> [ENTRIES SUPPLIED]:
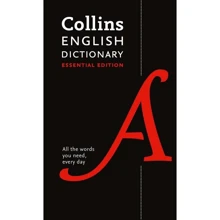 Collins English Dictionary Complete and Unabridged (13th edition): Производитель HarperCollins Publishers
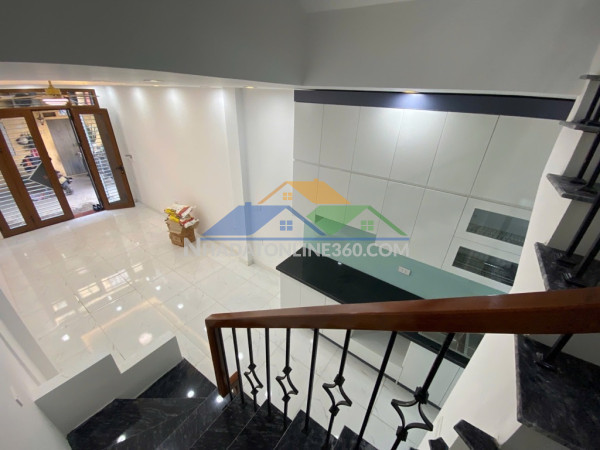 Đại mỗ- nam từ liêm-  ngõ nông- mặt tiền rộng- gần đường ô tô tránh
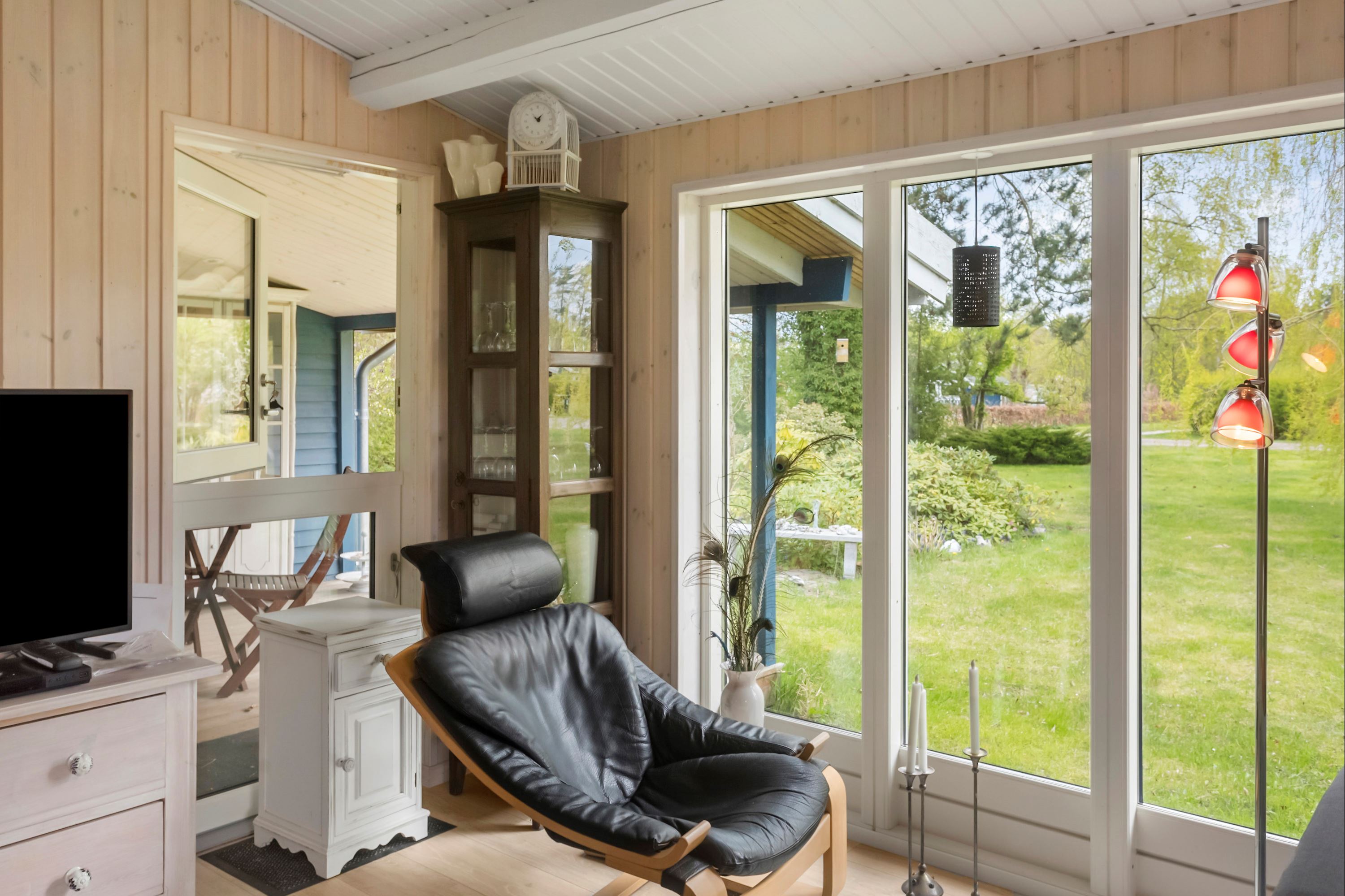 Hus – Askø, Askø By - Flere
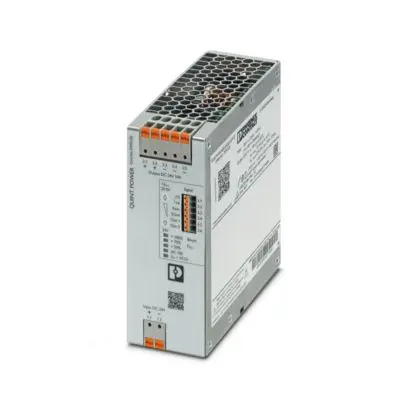 Produktfoto 1 von DC/DC-Wandler - QUINT4-PS/24DC/24DC/10/PT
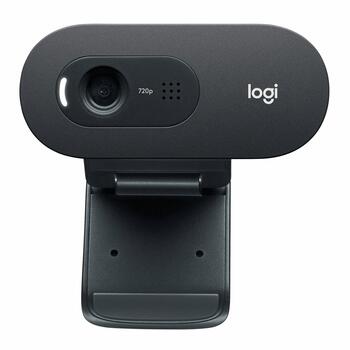 Logitech C505e Business Webcam Камера (960-001372)
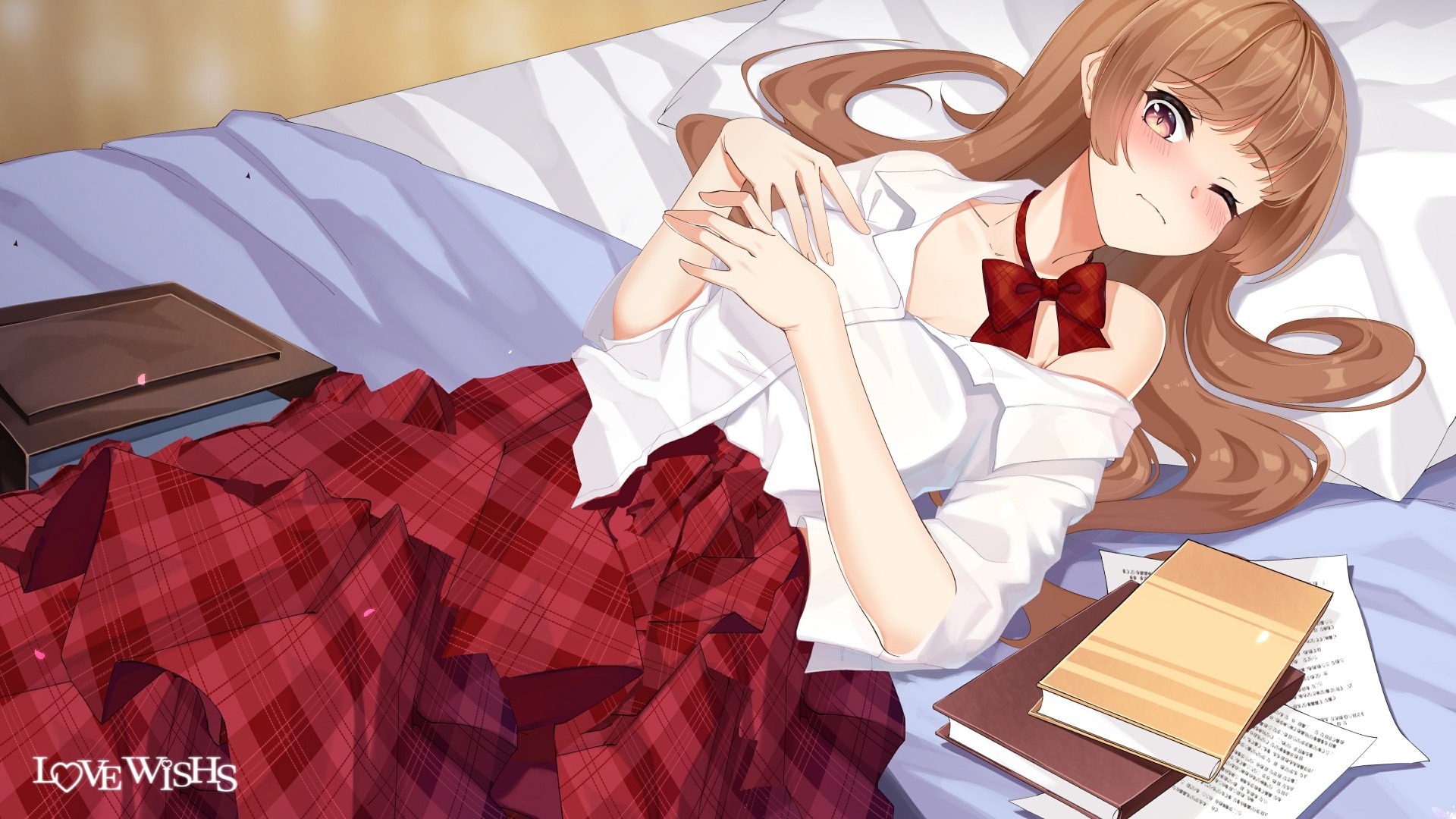 情愿LOVE WISH【20230315】 游戏截图 2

> [PROBLEM DETAILS]: Each entry above should be written out again exactly, without its pictures.

> [ANSWER BELOW]:
 Collins English Dictionary Complete and Unabridged (13th edition): Производитель HarperCollins Publishers
 Đại mỗ- nam từ liêm-  ngõ nông- mặt tiền rộng- gần đường ô tô tránh
 Hus – Askø, Askø By - Flere
 Produktfoto 1 von DC/DC-Wandler - QUINT4-PS/24DC/24DC/10/PT
 Logitech C505e Business Webcam Камера (960-001372)
 情愿LOVE WISH【20230315】 游戏截图 2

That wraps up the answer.